There were many positive aspects to tonight’s Tower Hamlets Respect branch meeting. Here are four that come straight to mind.
- No blows were exchanged.
- No chairs were thrown.
- The ceiling didn’t collapse.
- The toilets were pretty clean.
This was the sequel to last Tuesday’s meeting to select conference delegates. The branch committee had appointed a sub committee to come up with a mutually agreeable slate. Tonight’s meeting was supposed to ratify it but couldn’t because the sub-committee didn’t reach agreement.
So again tonight we were presented with two slates. Except that makes the thing sound better than it was. The meeting was advertised to start at 7pm. There was an hour and a quarter of milling around, deciding who was allowed to come in, shouting and abuse. Then it got worse.
There is a reason I’ve never been invited to dance principal male lead in the Bolshoi’s production of Swan Lake. I’d be rubbish. There is a reason Azmal Hussain is not the best qualified person to chair contentious Respect branch meetings. Watching hidden camera footage of the ten worst supply teachers in London with the toughest classes seems to have been his sole preparation for taking on the job. Ignoring everything for an hour, screaming and threatening to walk out are not, as a rule, successful strategies. But, credit where it’s due, he tried them.

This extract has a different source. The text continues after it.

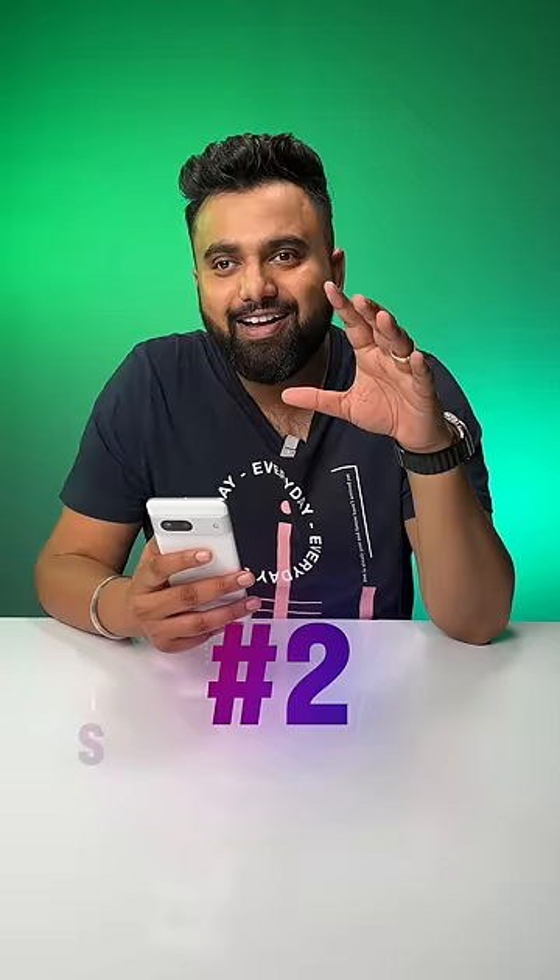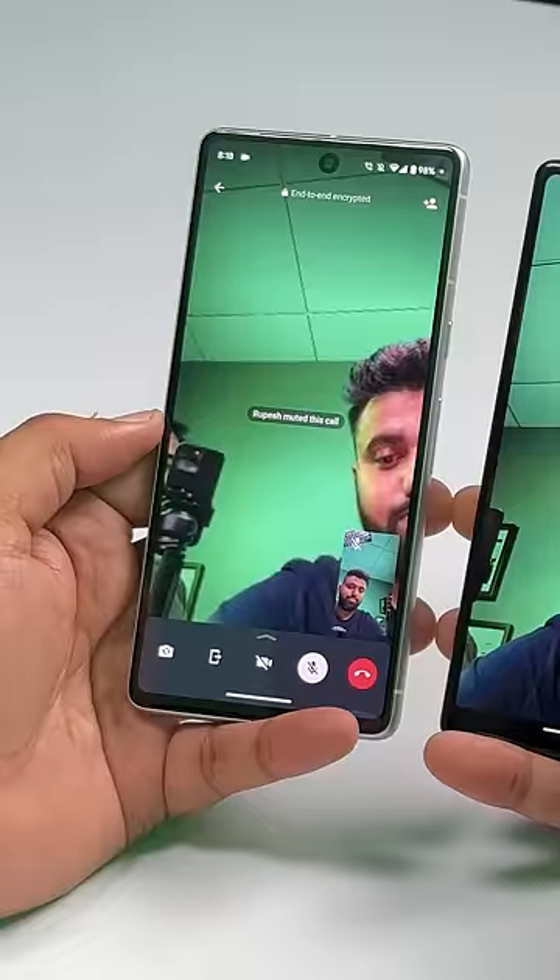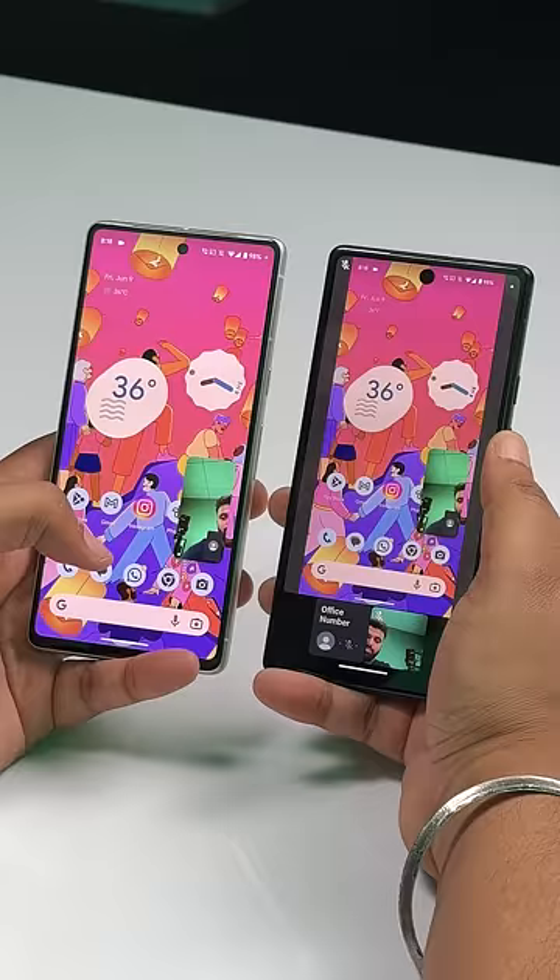Screen Sharing. You can now share your screen during video calls in WhatsApp. Just hit this button, tap Start Now and the other people in the call should see your screen. Yeah, it should be super useful when solving a problem in your parents' phone.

There were a few minutes at around 8.25 when it looked like a meeting might happen. Paul, a founder member of Respect moved the SWP’s resolution. He argued it on the basis of the constitution, democracy and so on. It would have been more persuasive if he’d said something about the phony student delegates, dodgy conference arrangements committee and the instructions to SWP branches to pack conference delegations. His motivation was followed by some depressing contributions from individual SWP members complaining about how they had been left off the delegate slate. It was truly disheartening to see keen young militants allow themselves to be manipulated like this. The issue was the political balance of the delegation in a context where the dogs in the street know that the SWP has been trying to stack delegations all across the country. Here individual hurt feelings are not important.
So there was a bit more shouting. The chair said he was leaving. There was more shouting followed by a more of less contemporaneous walk out by both sides. I went to the pub, listened to Martin Hayes’ version of The Lament For Limerick and downed three pints.
This is what was built into the coalition model. You could count the number of independent Labour Movement activists without taking off your socks. Respect in Tower Hamlets was built without trying to incorporate the contribution that Labourism and trade unionism offers to working class organisations. The SWP leadership consistently derided these structures in the certain knowledge that the only political training people need is to learn how to defer to their wisdom. That fell apart tonight. My guess is that the SWP will set up some joke organisation like “Globalise Respect” or “The proper socialist Respect”. This is a real setback. There were a lot of SWP members in that room tonight who should be part of a mass class struggle alternative to Labour. I’ll add to this later.
Oh, and neither police nor ambulances were needed.